◆ **WORK TO BE COMPLETED**: From the entries below, return every line that includes the word "Accessories".

--- RECORDS SHOWN Enclosed Below ---

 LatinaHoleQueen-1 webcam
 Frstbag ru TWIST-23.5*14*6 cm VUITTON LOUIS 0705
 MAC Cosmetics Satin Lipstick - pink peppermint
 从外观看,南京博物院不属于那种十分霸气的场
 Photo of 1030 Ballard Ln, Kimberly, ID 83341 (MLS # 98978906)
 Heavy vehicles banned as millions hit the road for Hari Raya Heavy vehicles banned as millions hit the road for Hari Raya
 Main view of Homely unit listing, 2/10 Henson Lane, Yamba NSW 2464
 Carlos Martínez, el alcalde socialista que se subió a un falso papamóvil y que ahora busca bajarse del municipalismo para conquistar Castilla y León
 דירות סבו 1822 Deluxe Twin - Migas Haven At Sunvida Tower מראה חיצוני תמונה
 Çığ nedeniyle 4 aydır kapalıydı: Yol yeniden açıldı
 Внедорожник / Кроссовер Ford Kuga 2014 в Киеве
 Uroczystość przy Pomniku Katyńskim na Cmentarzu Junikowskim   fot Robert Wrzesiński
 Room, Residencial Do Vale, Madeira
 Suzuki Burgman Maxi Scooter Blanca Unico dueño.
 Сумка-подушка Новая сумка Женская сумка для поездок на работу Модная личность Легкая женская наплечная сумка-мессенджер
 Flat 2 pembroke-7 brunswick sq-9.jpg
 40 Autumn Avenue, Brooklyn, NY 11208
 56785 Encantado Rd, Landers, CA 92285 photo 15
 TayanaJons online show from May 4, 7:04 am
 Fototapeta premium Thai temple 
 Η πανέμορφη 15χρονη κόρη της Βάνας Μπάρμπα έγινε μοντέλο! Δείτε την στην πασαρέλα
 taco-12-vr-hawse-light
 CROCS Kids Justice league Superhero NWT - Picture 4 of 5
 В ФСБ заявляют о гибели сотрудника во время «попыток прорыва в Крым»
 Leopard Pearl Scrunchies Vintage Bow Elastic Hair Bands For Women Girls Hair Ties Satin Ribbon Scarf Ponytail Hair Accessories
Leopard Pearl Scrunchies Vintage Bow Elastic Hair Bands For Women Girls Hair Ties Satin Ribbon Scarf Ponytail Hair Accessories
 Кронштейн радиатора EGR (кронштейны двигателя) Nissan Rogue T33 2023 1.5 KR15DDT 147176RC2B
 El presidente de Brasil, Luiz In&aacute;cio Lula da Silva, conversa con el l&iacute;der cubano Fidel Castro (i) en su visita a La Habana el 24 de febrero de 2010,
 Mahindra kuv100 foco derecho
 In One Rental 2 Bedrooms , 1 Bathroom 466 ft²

--- End of Enclosed RECORDS SHOWN ---

◆ **ANSWER AREA**:
 Leopard Pearl Scrunchies Vintage Bow Elastic Hair Bands For Women Girls Hair Ties Satin Ribbon Scarf Ponytail Hair Accessories
Leopard Pearl Scrunchies Vintage Bow Elastic Hair Bands For Women Girls Hair Ties Satin Ribbon Scarf Ponytail Hair Accessories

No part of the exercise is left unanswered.